Consumer Credit Basics - Your Questions, Answered

We've all heard that our credit score can affect our ability to purchase a home, buy a car, or qualify for a credit card – but there are quite a few common misconceptions about how this information is obtained, calculated, and applied to assess one's actual creditworthiness.

I've put together this list of common questions regarding consumer credit, to help you understand the basics – and recognize the impact of credit scoring and reporting to your financial future.

  1. What is a credit score? A credit score is a three-digit number which provides a snapshot of your potential financial risk. Lenders then use this number when deciding whether or not to extend credit.
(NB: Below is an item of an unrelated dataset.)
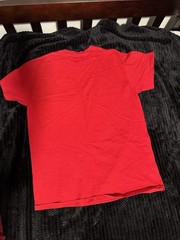 Gildan Ultra Cotton Men’s Red Graphic Crew Neck T-Shirt M Vance Smith’s Hatchery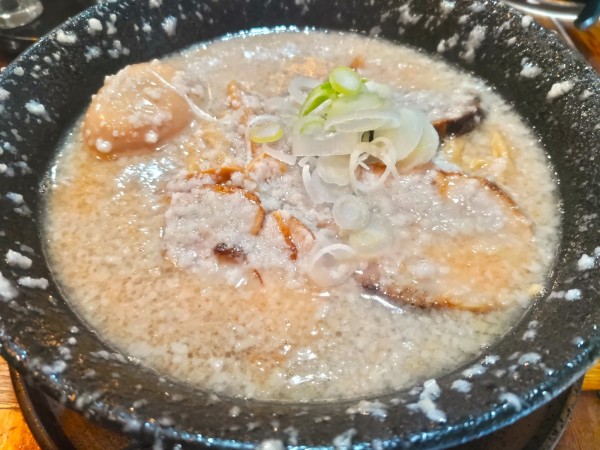 「特製らーめん950円 麺大100円」@らーめん 平太周 味庵の写真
  2. Who might want to review my credit score? Mortgage lenders, landlords, credit-card issuers, cell phone providers, utility companies, insurance agents – the list is extensive. The short answer is: anyone who might want to know whether you’re likely to be a risk when borrowing money, or buying on credit. That's why it's important to familiarize yourself with the best practices for maintaining your credit score, and stay informed when it comes to your personal credit history.

  3. What's the difference between my credit score, credit report, and credit history? Your credit history is the record of your loan and bill payments, over time. This information is gathered by consumer reporting agencies, who organize it into a report – which is then made available to lenders for the purpose of assessing your individual creditworthiness, or potential risk. In short, your credit history is used to calculate your overall credit score – and both are included in your credit report.

  4. Who are the consumer reporting agencies? The three major U.S. Consumer credit bureaus are Experian, Equifax, and TransUnion. They gather information about your credit history from lenders, vendors, and financial institutions, so they can provide an accurate snapshot of potential credit risk.

  5. Are all credit scores the same? No. Each of the three reporting agencies listed above uses a different algorithm for calculating your credit score. And, because they operate independently, information provided may vary from agency to agency – which means there may be inconsistencies or discrepancies in reporting when you review and compare information provided by all three agencies, side-by-side.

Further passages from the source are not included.